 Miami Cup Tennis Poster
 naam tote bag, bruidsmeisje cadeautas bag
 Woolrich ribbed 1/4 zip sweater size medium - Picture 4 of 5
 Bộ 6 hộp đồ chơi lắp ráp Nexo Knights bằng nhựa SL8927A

--

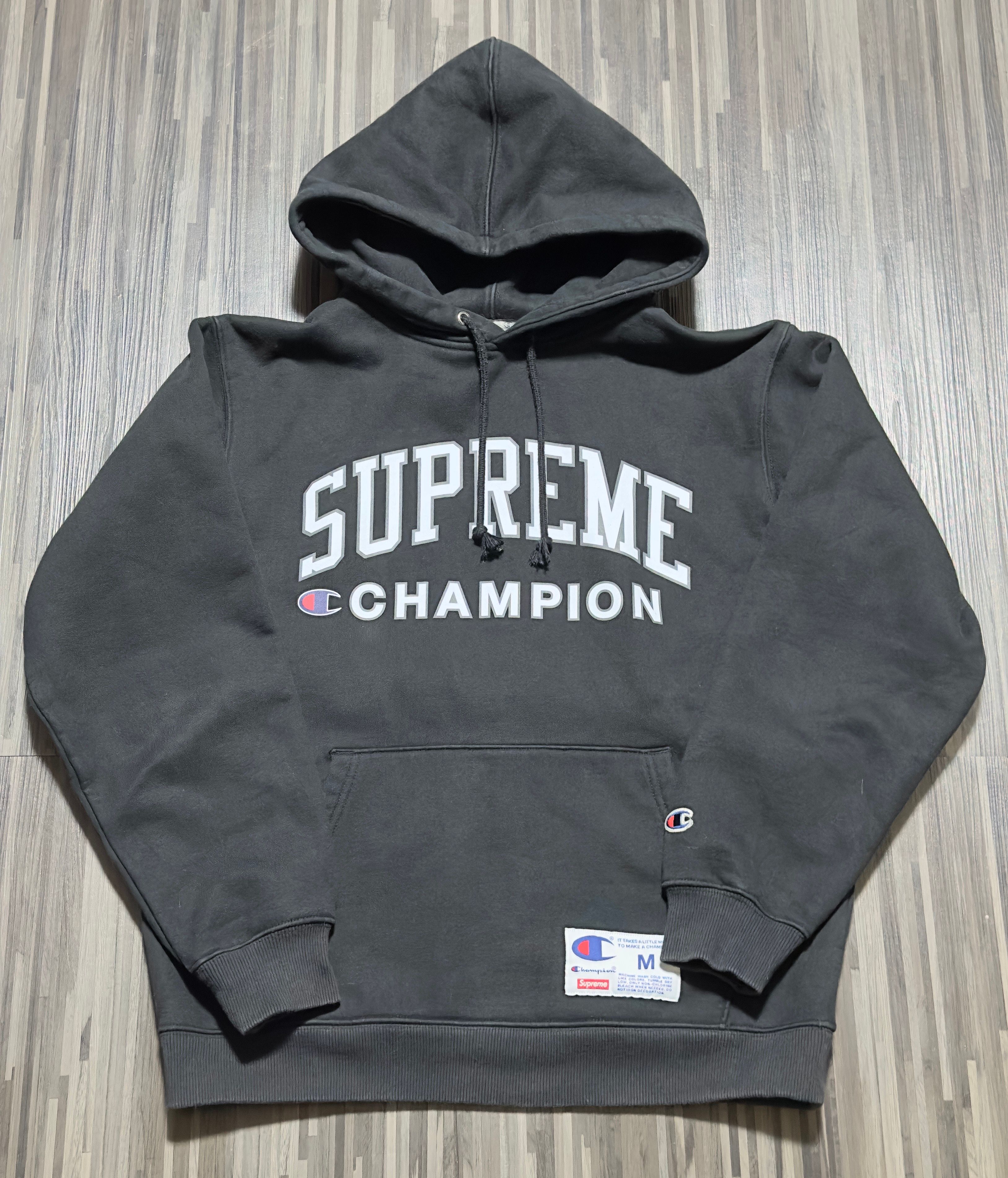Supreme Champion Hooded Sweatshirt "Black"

==

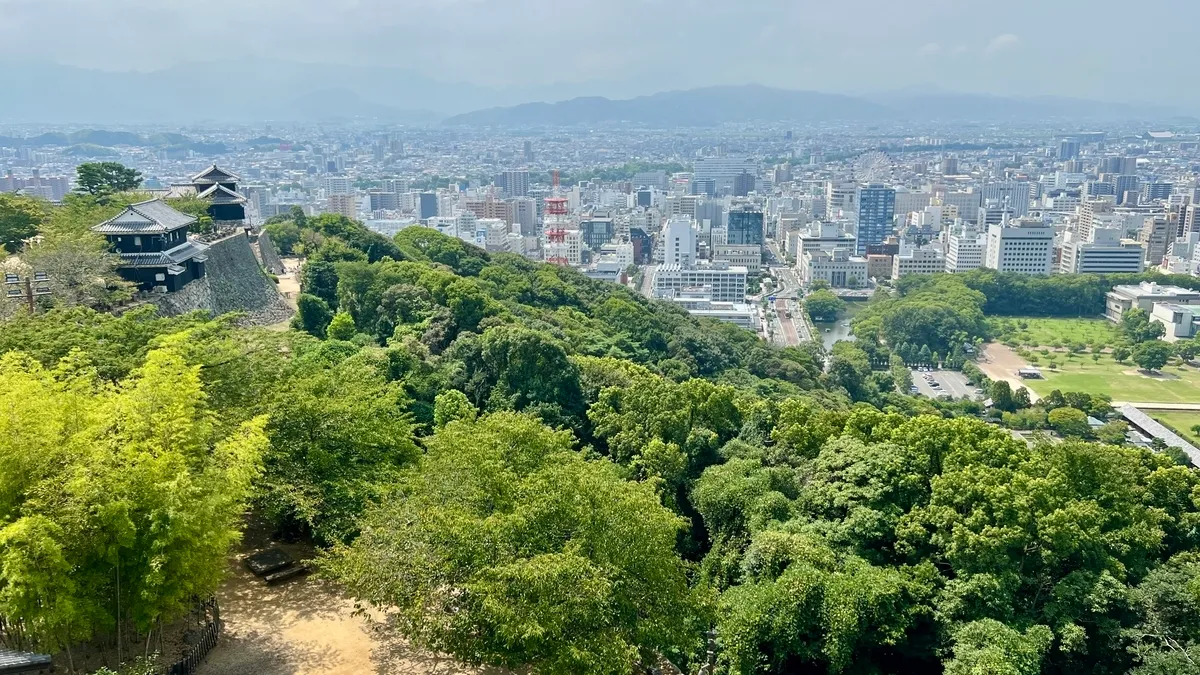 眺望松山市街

Brief>
Given the data above, transcribe exactly the lines from the one containing "Woolrich ribbed 1/4" down to the one containing "Bộ 6 hộp đồ", and no others.

Your response>
 Woolrich ribbed 1/4 zip sweater size medium - Picture 4 of 5
 Bộ 6 hộp đồ chơi lắp ráp Nexo Knights bằng nhựa SL8927A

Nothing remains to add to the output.